About
UC Santa Cruz is drawing on its expertise in genomics and data sharing to lead a new, state-sponsored public health program, made official on August 18, 2021. The California Dept. of Public Health (CDPH)-sponsored program will allow public health experts to use virus genomes to track who is catching the virus and how. While ensuring its tools are both effective and secure, the team will deliver a final product designed to help shepherd California out of the current pandemic.

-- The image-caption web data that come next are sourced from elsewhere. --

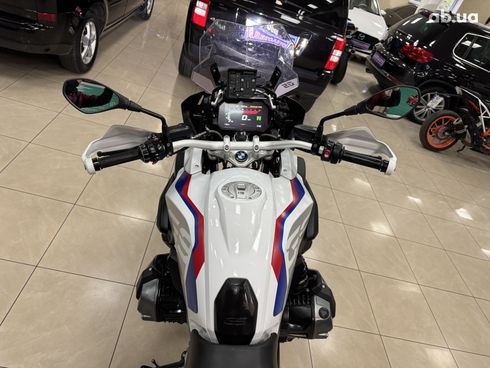 BMW R 1250 GS 2022 белый - фото 7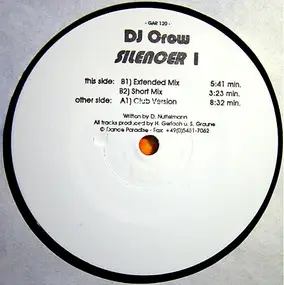 DJ Crow - Silencer I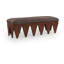 Banc en tissu Altair-482617496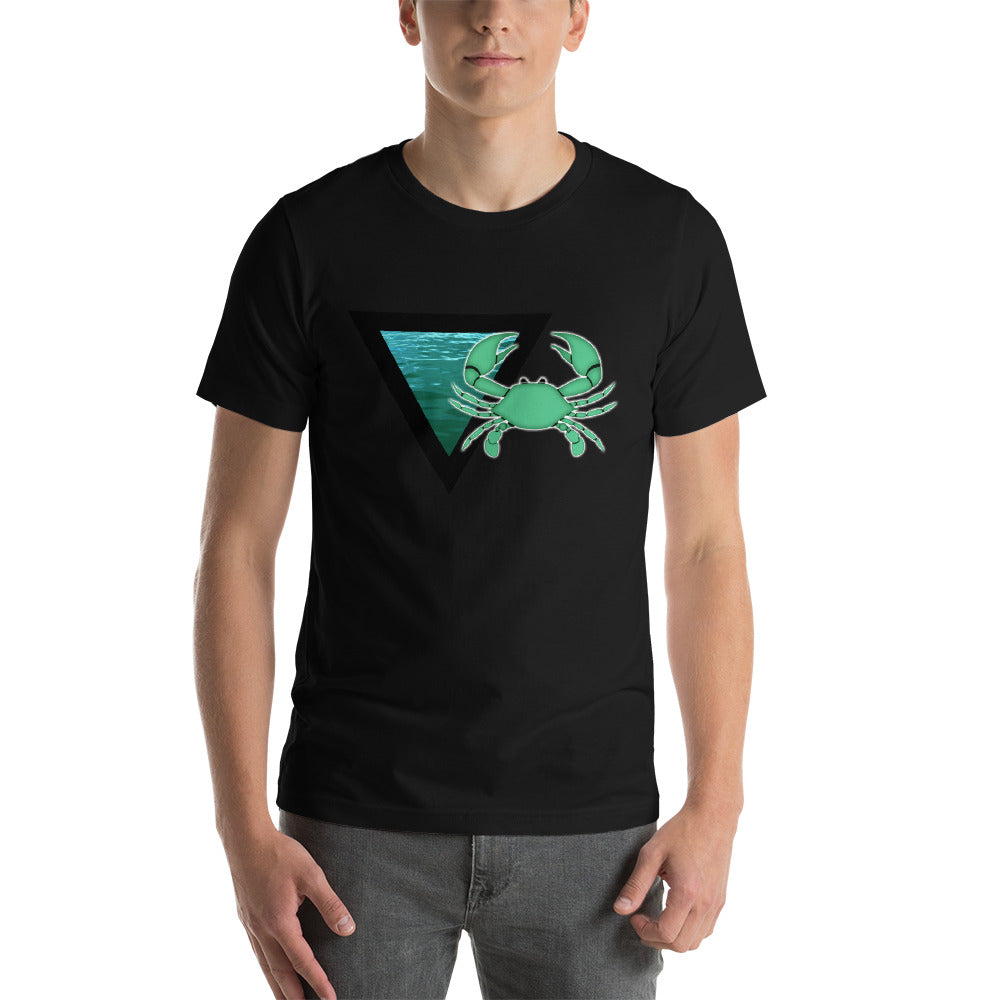 Cancer T Shirt - Sign Element Design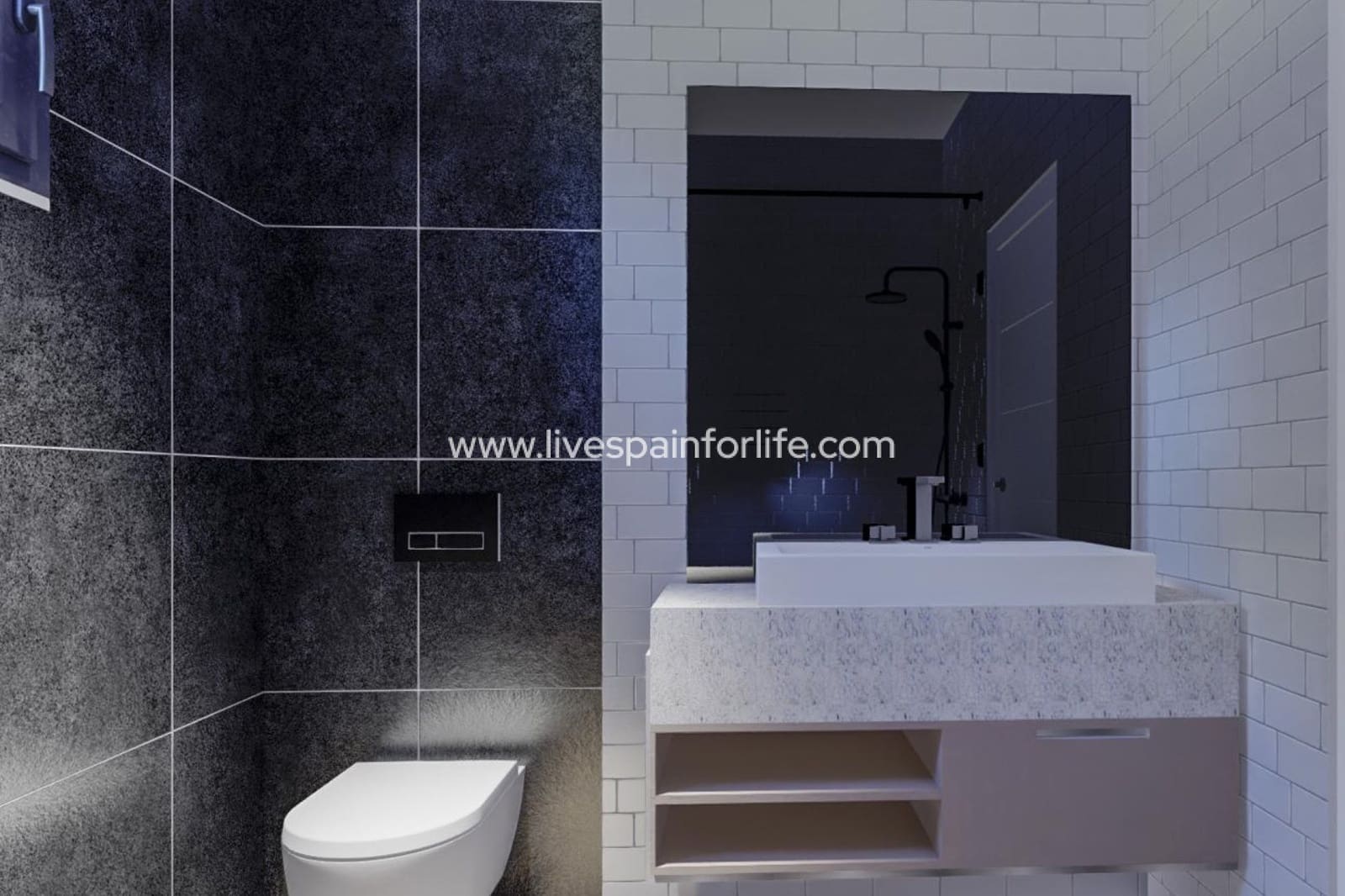 3 chambre Villa/Maison à vendre à Finestrat avec piscine garage - 819 900 € (Ref: 9752347)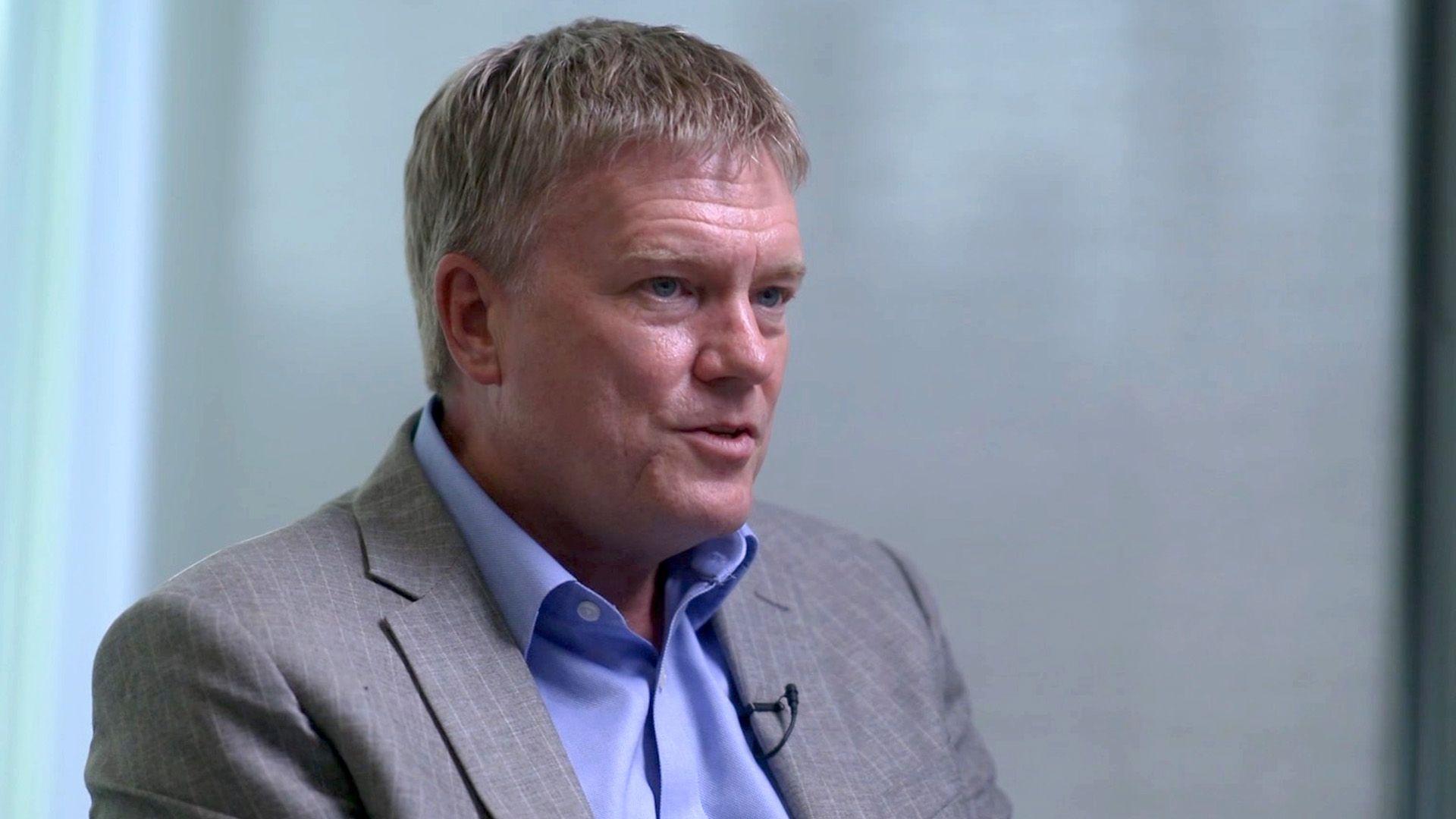 Ričard Horn, portret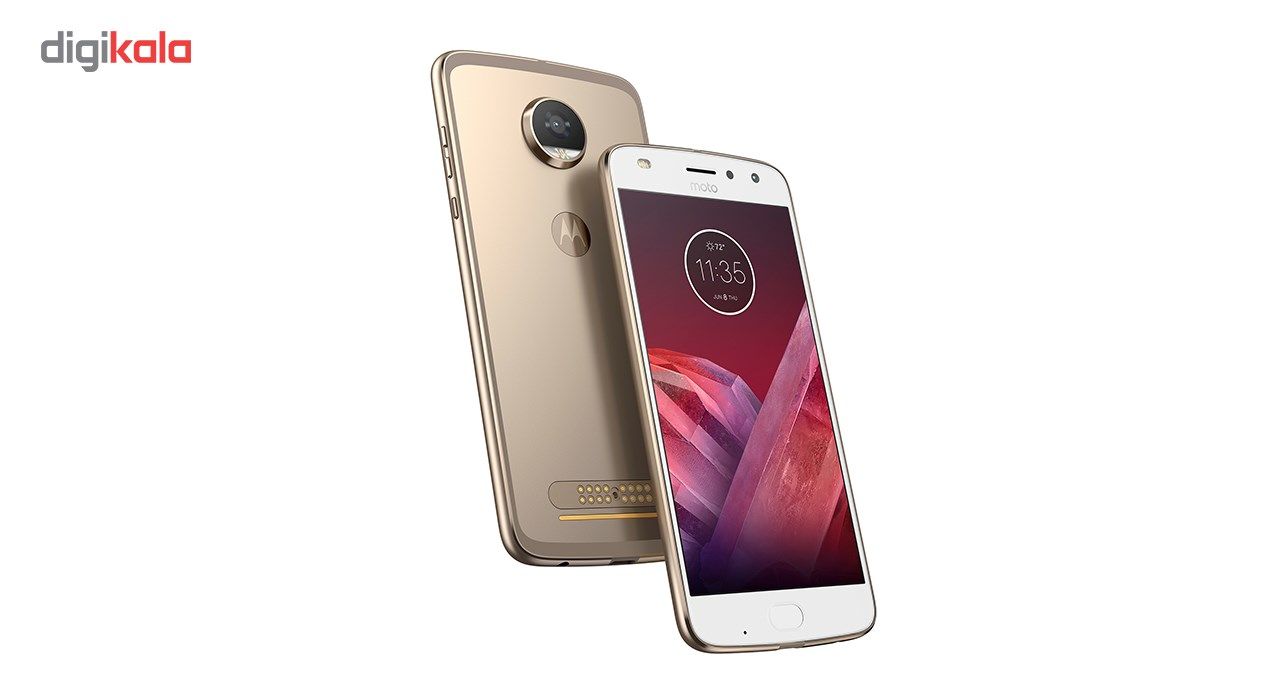 گوشی موبایل موتورولا مدل Moto Z2 Play دو سیم کارت main 1 10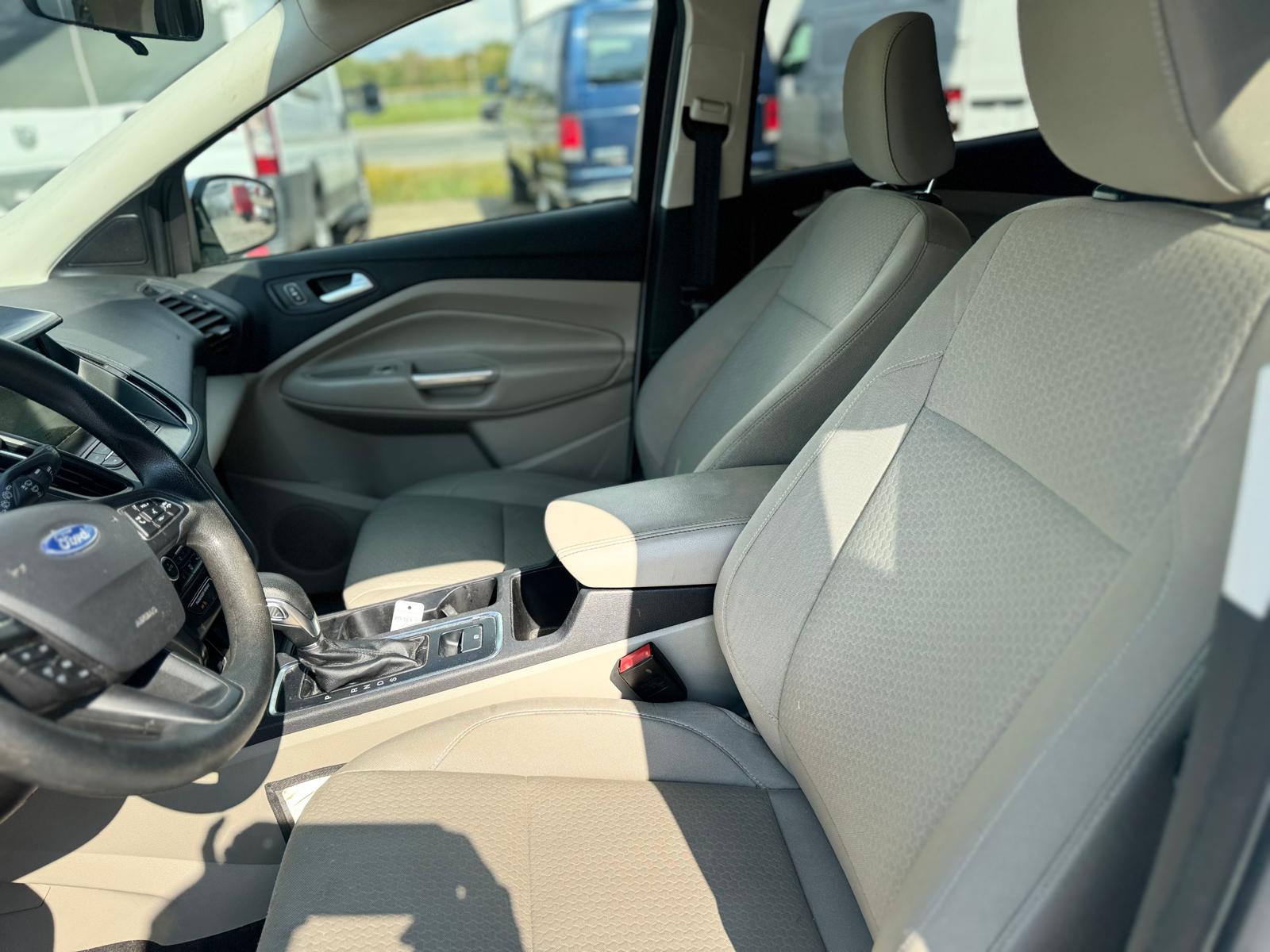 2019 Ford Escape SE AWD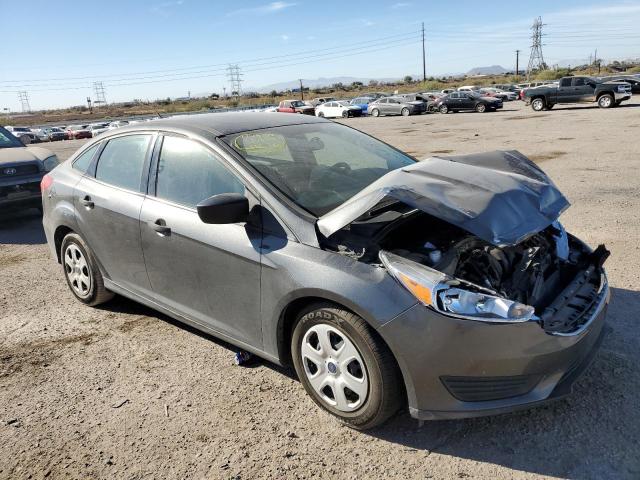 Photo 4 from auction – 2018 FORD FOCUS S with VIN 1FADP3E29JL271007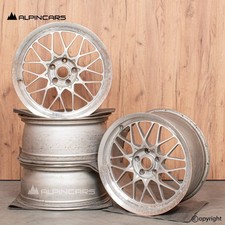 ORIGINAL Felgen Satz Set Rims Rays Volk Evo4 4x 18x9J ET45 5x114.3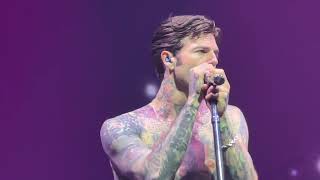 The Neighbourhood: Lovebomb Ultrasound Wourld Tour The Armory 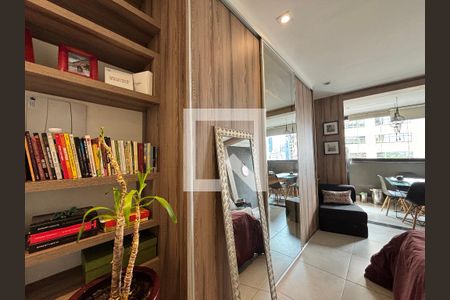 Studio de kitnet/studio à venda com 1 quarto, 28m² em Vila Olímpia, São Paulo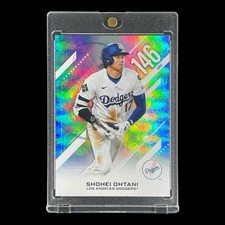 Shohei Ohtani [Yellow Rainbow] #200 Prices | 2026 Topps | Baseball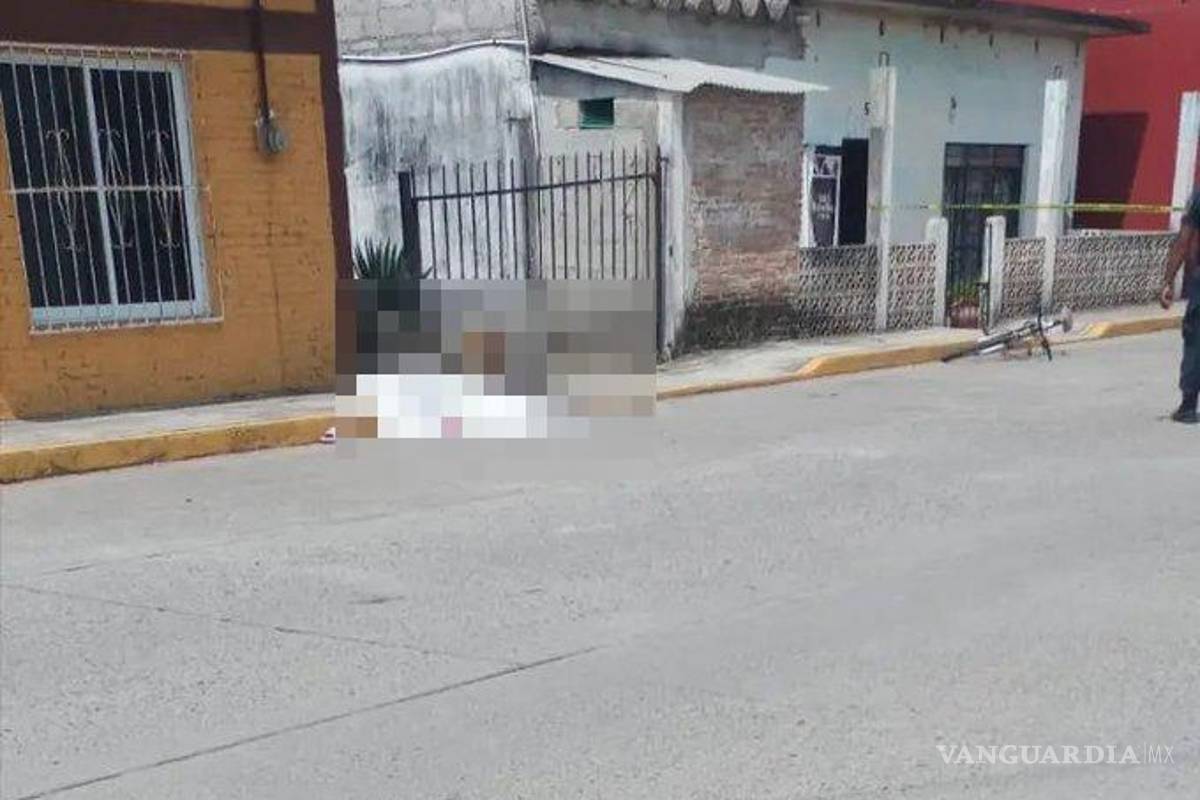 Asesinan a niña de 13 años en Veracruz, cierran carreteras para exigir justicia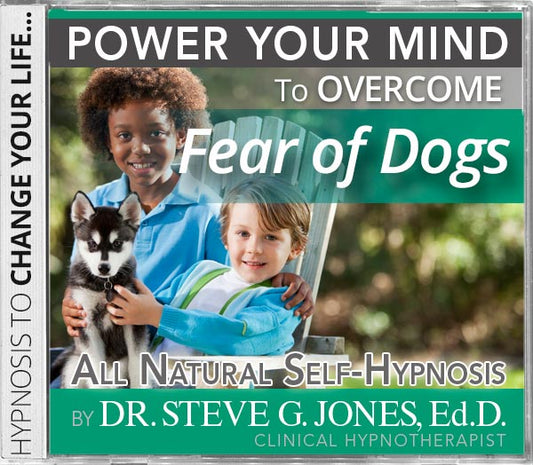 Fear of Dogs - Gold Hypnosis Audio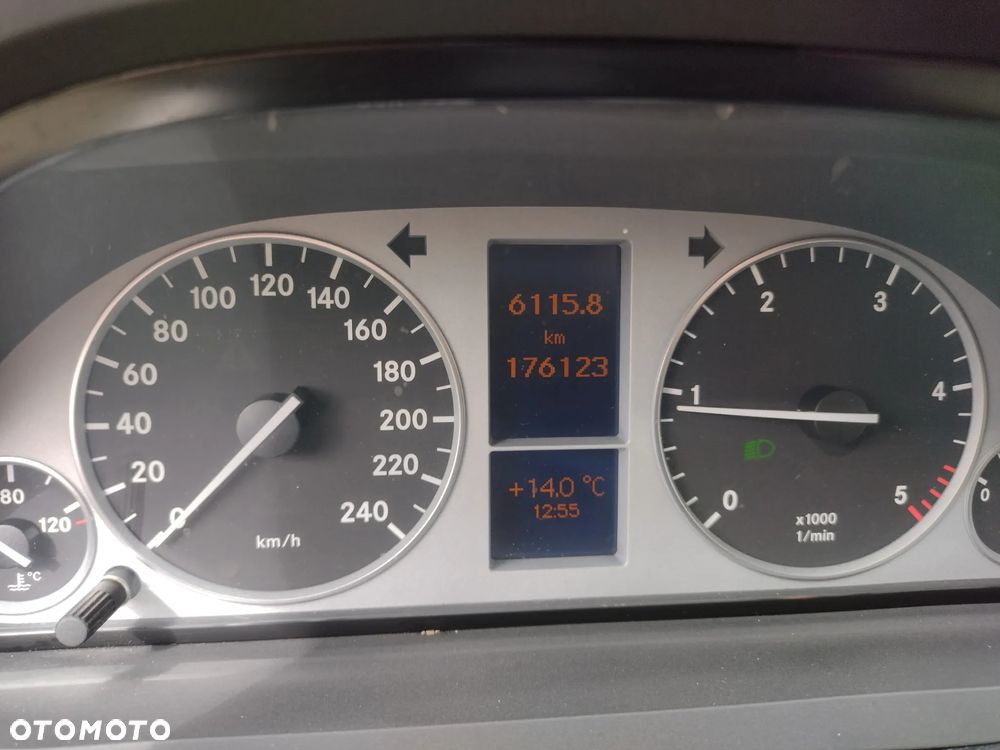 Mercedes-Benz Klasa B 180 CDI - 8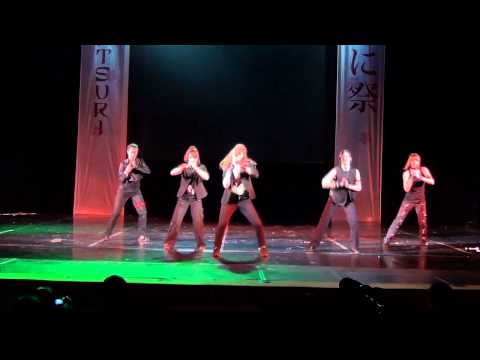 Animatsuri' 2011(03-04.12.2011) - Reversi - DBSK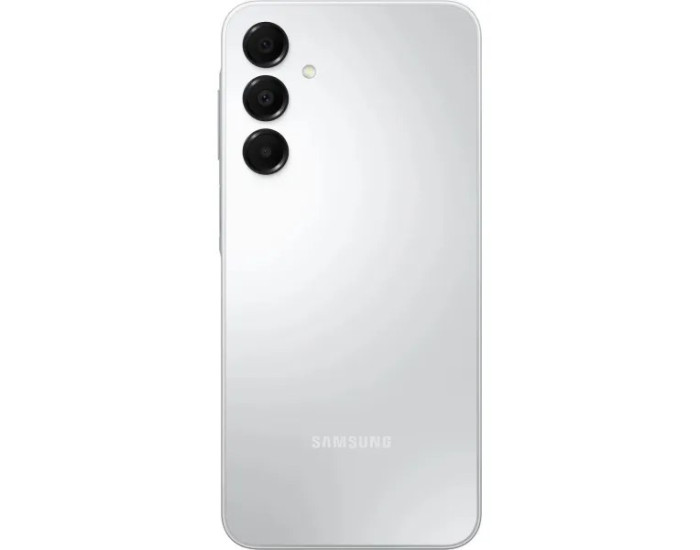 Мобильный телефон Samsung Galaxy A16 4/128GB Gray (SM-A165FZAB)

The UCSC Pathogen Genomics team is developing tools designed to benefit California residents by overlaying SARS-CoV-2 genomic data with public health information. No other pathogen has been sequenced as many times as the SCV2 virus. The explosion of available sequences overwhelmed existing tools for phylogenetic investigation. To address this, Software Architect Angie Hinrichs and researchers in the Corbett-Detig lab created a database of SCV2 phylogenetic trees of unrestricted public sequences, which we update daily to incorporate new sequences. Our database uses the mutation-annotated tree (MAT) format to efficiently encode the tree with branches labeled with parsimony-inferred mutations as well as Nextstrain clade and Pango lineage labels at clade roots. As of August 31, 2021, our SCV2 MAT (the UCSC Big Tree) consists of more than 3.3M sequences and provides a comprehensive view of the virus’ evolutionary history using public data. Our teams also developed MatUtils, a suite of utilities for rapidly querying, interpreting and manipulating the MATs. MatUtils produces meta-data compatible visualizations. The rapidly growing scale of SCV2 sequencing data made it increasingly challenging to comprehensively analyze all available data using existing tools and file formats. In response, Yatish Turakhia, a researcher in the Corbett-Detig Lab, developed a tool that places SCV2 sequences onto existing phylogenetic trees far faster than previous methods. Allowing instantaneous tracing of strains and transmission events, Turakhia’s tool is called Ultrafast Sample placement on Existing tRees (UShER) and exists as an interactive web-tool to compare sequences and link to existing public phylogenetic trees. The central deliverable of this project, the “California Big Tree” grew from this research and the tools we built. This project will extend existing tools to provide a scalable statewide system enabling state and county departments of public health to rapidly utilize genomic data to intelligently inform public health decisions.